Below are some records. Return exactly their lines from the one containing "The trigger here" through the one containing "The topic was", and drop the pictures.

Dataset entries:
================

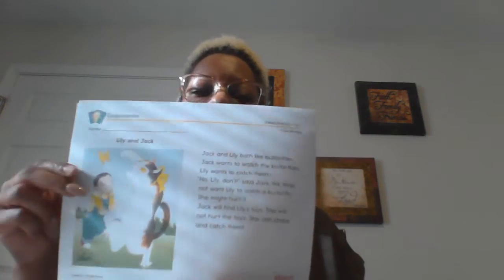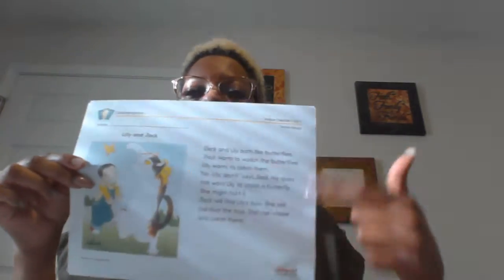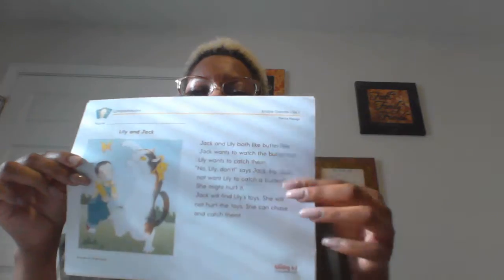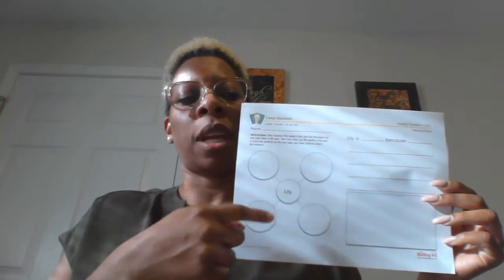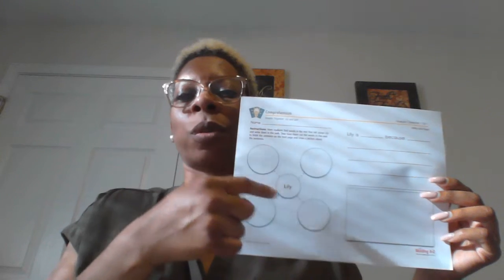I'm sure this is backwards on your screen, but there's one passage here that you need to read, and then there will be some questions for you to answer about the story that you read. So you will fill in these little circles here on this organizer about Lily, and answer this sentence frame, and then draw a picture about what you wrote.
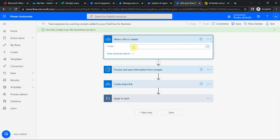The trigger here is when a file is created in OneDrive. So as soon as you upload a new receipt into OneDrive, it should process the information and do what it's supposed to do. And if you have a chance to test it, please go ahead and do that.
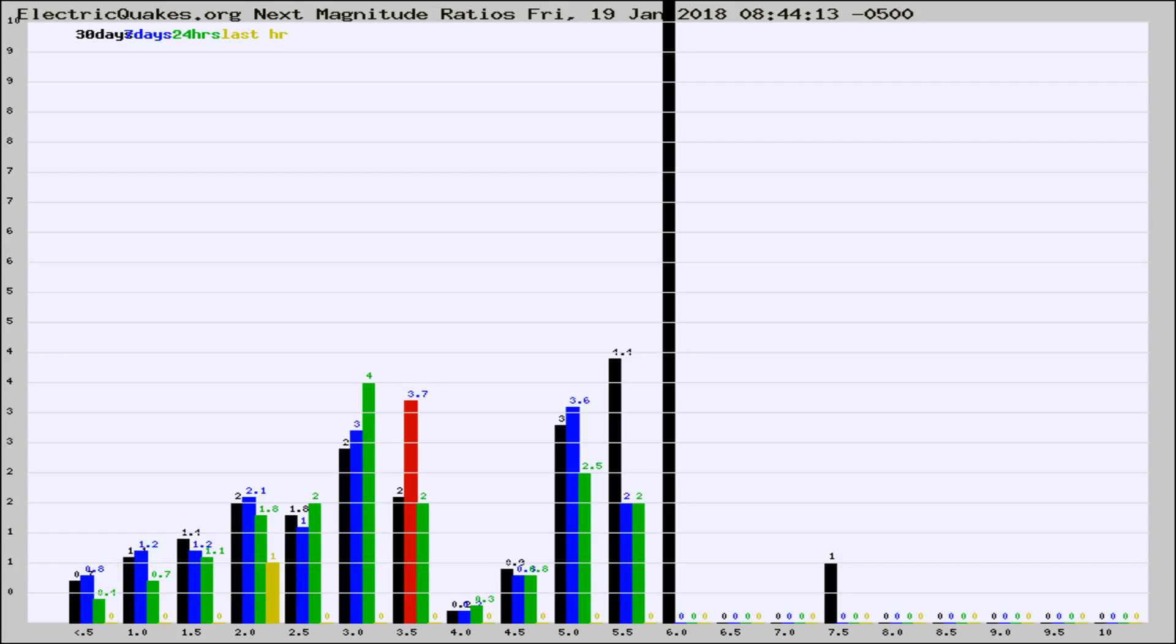If it changes between the last 30 days, 7 days, 24 hours, and last hour, it may indicate something unusual happening in that area.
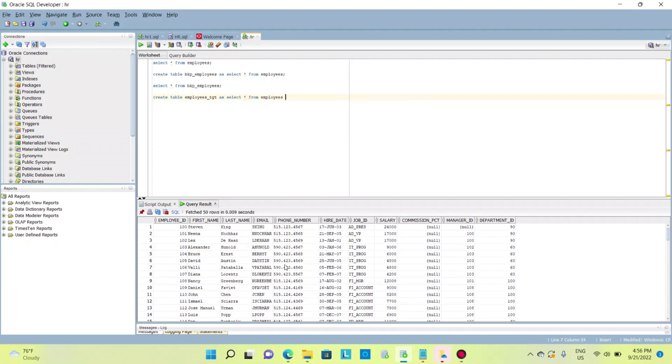So if I don't want the data, then I'll add a WHERE clause: where 1 equals 2.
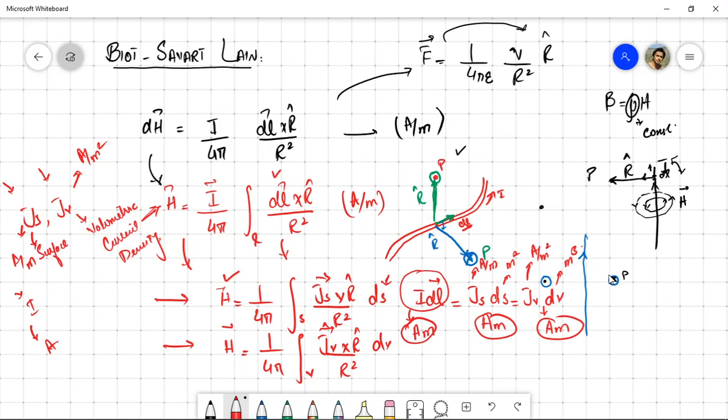The topic was magnetic field due to surface and volumetric current distributions. We now have three equations covering all scenarios: given I, JS, or JV, we know how to calculate H. In the next lecture, we will apply Biot-Savart Law to a worked example calculating the magnetic field for a linear conductor. If you have any questions, you are welcome to ask them in the interactive session.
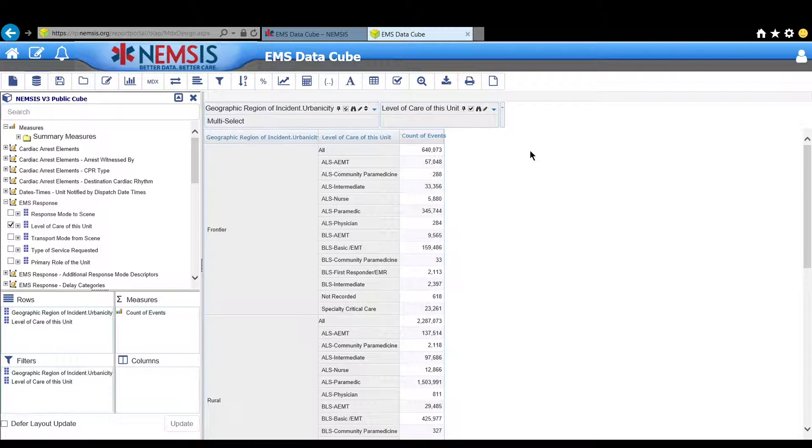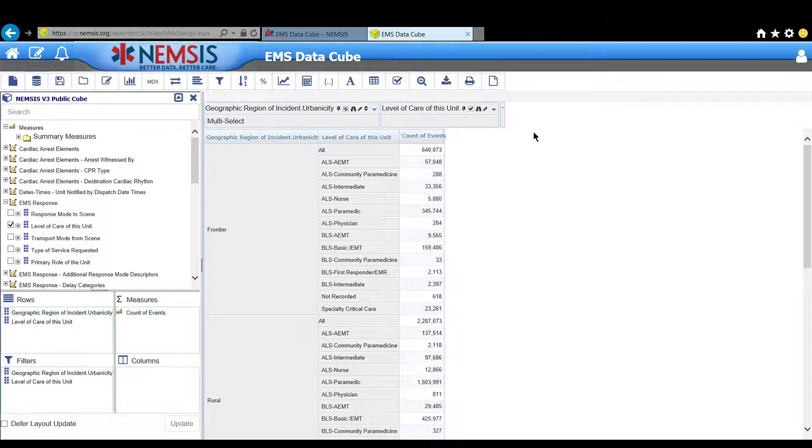For purposes of this demonstration we're going to export to Excel and what I'm looking at here is Urbanicity as it compares to level of care for that unit.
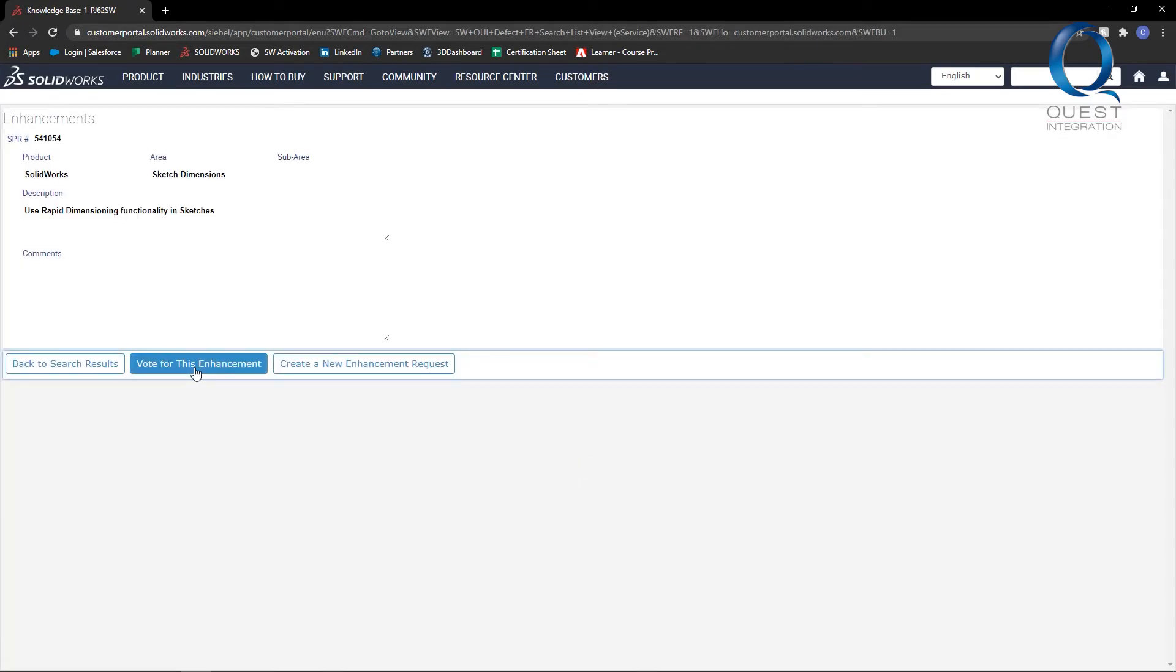When you vote for an enhancement, all of your company's assets vote towards it, meaning if you have multiple seats, multiple votes will be cast.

================

SOLUTION FOR THIS TASK:
The trigger here is when a file is created in OneDrive. So as soon as you upload a new receipt into OneDrive, it should process the information and do what it's supposed to do. And if you have a chance to test it, please go ahead and do that.
If it changes between the last 30 days, 7 days, 24 hours, and last hour, it may indicate something unusual happening in that area.
So if I don't want the data, then I'll add a WHERE clause: where 1 equals 2.
The topic was magnetic field due to surface and volumetric current distributions. We now have three equations covering all scenarios: given I, JS, or JV, we know how to calculate H. In the next lecture, we will apply Biot-Savart Law to a worked example calculating the magnetic field for a linear conductor. If you have any questions, you are welcome to ask them in the interactive session.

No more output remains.